3. Converting a JPG to WebP at quality 100 If your source is already a lossy JPG, converting it at quality 100 (or lossless) won't recover lost detail — it will just create a very large WebP file. Use quality 80–90 for JPG sources.
4. Skipping EXIF orientation handling
Some JPEGs have rotation stored as EXIF metadata rather than in the pixel data. When you decode and re-encode such a file, the rotation may be lost. Fix this by applying EXIF transpose before encoding (Pillow's ImageOps.exif_transpose, Sharp's automatic .rotate() call with no arguments).
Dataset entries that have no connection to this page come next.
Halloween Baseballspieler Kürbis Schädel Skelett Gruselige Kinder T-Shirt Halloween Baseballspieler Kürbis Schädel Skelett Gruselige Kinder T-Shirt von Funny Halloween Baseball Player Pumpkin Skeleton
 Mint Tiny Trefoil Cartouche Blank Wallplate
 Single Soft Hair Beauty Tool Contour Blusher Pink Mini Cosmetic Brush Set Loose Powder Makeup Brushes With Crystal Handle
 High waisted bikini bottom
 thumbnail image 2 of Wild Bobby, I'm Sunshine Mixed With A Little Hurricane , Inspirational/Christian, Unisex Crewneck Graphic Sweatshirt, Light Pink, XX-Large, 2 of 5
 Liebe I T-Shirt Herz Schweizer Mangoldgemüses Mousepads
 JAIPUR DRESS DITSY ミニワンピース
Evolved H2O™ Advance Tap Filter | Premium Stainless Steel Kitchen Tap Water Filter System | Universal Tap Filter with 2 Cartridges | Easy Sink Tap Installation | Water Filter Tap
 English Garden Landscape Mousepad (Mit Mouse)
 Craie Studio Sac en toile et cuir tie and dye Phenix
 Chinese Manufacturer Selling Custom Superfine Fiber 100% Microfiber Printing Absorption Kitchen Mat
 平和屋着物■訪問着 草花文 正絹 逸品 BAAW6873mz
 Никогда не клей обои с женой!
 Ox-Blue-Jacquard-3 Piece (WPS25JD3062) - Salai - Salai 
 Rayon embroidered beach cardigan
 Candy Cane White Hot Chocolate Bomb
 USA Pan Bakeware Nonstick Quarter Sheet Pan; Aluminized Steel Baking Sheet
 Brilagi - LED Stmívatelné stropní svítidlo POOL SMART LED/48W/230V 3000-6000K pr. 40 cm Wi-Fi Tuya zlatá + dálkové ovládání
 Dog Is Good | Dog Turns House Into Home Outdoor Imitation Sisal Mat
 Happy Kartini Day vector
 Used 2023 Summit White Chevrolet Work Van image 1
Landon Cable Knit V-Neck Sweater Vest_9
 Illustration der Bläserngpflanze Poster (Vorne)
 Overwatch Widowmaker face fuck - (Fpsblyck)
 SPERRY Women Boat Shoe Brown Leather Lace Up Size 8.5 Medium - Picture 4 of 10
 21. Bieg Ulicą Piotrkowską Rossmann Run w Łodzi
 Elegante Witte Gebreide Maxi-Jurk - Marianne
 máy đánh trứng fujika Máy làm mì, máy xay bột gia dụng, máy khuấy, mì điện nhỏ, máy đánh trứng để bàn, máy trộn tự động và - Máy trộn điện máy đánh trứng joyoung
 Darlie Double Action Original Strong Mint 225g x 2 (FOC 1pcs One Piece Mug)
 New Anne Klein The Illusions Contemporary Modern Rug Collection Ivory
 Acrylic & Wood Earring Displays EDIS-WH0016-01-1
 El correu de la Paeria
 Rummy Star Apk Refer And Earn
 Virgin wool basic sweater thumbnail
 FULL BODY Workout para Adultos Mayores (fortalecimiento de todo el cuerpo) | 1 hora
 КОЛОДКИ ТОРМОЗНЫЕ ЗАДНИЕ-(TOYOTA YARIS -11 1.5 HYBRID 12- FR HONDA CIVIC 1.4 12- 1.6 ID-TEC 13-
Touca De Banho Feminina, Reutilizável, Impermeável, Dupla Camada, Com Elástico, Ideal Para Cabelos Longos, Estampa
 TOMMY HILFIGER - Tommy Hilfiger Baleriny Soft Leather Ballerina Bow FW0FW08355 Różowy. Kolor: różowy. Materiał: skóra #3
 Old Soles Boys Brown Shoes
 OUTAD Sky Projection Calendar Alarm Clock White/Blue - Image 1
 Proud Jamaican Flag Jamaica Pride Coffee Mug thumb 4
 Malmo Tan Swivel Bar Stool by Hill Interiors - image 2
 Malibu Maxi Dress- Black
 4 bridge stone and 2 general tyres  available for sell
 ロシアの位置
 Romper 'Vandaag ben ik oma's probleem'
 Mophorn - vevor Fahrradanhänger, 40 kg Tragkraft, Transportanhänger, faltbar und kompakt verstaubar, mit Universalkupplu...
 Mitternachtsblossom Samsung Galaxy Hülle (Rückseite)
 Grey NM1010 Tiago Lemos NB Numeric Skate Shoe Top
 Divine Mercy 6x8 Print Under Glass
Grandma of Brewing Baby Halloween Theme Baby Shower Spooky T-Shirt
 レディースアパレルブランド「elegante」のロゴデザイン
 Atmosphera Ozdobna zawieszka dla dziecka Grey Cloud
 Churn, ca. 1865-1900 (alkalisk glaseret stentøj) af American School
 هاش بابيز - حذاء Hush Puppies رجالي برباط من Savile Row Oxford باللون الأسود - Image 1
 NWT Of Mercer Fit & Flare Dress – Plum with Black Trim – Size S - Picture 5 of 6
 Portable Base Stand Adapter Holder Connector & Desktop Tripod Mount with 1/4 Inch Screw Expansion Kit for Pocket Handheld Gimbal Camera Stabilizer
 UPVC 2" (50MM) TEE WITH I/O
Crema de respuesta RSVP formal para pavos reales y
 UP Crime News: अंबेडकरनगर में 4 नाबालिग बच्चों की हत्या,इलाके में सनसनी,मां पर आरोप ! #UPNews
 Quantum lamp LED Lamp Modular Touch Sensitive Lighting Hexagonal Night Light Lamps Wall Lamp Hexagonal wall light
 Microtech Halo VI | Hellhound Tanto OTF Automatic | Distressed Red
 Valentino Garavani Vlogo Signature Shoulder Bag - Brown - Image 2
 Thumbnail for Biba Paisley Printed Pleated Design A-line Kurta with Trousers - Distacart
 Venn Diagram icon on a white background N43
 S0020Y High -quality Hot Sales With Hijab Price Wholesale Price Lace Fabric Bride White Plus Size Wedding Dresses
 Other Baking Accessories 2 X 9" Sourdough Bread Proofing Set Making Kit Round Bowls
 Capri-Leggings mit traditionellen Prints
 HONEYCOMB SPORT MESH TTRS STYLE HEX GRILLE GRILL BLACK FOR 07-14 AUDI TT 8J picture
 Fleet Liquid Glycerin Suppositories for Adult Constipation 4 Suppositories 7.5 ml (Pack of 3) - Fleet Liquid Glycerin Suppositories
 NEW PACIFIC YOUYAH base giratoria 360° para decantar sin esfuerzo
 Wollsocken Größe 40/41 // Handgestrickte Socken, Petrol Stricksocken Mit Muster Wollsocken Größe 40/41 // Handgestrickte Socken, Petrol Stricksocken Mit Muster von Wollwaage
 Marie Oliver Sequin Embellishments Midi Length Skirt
5. Assuming animated GIF → animated WebP is automatic
Most simple converters only grab the first frame. True animated WebP requires a dedicated step (ffmpeg, imageio, or libwebp's gif2webp CLI tool).
6. Using WebP for open-graph (OG) images on social media
Facebook, Twitter/X, LinkedIn, and WhatsApp thumbnail scrapers may not support WebP for OG images. Keep og:image as JPG or PNG.
FAQ
Is WebP better than AVIF? AVIF is slightly smaller than WebP (roughly 10–20% for photographs) but has lower browser support (92% vs 96%) and slower encoding. Use AVIF for the highest compression where encoding time allows; use WebP as the practical modern default.
Can I convert WebP back to PNG or JPG? Yes. All the libraries above can also decode WebP using the same approach in reverse (decode WebP → encode JPG/PNG). Sharp, Pillow, and PHP GD all support WebP as an input format.
Does WebP support transparency like PNG? Yes — WebP supports a full 8-bit alpha channel, so logos and icons with transparent backgrounds convert without any flattening needed.
Will converting to WebP affect image quality? Lossy WebP at quality 80–90 is visually indistinguishable from JPG at equivalent quality for photographs. For pixel-perfect fidelity (logos, screenshots, text), use lossless WebP.
What about serving WebP in email? Gmail, Outlook, and Apple Mail have inconsistent WebP support. Stick to JPG or PNG for email images.
Can CSS background images use WebP?
Yes. All modern browsers that support WebP support it as a CSS background-image. For older browser fallbacks, use @supports or serve a JPG fallback from the server.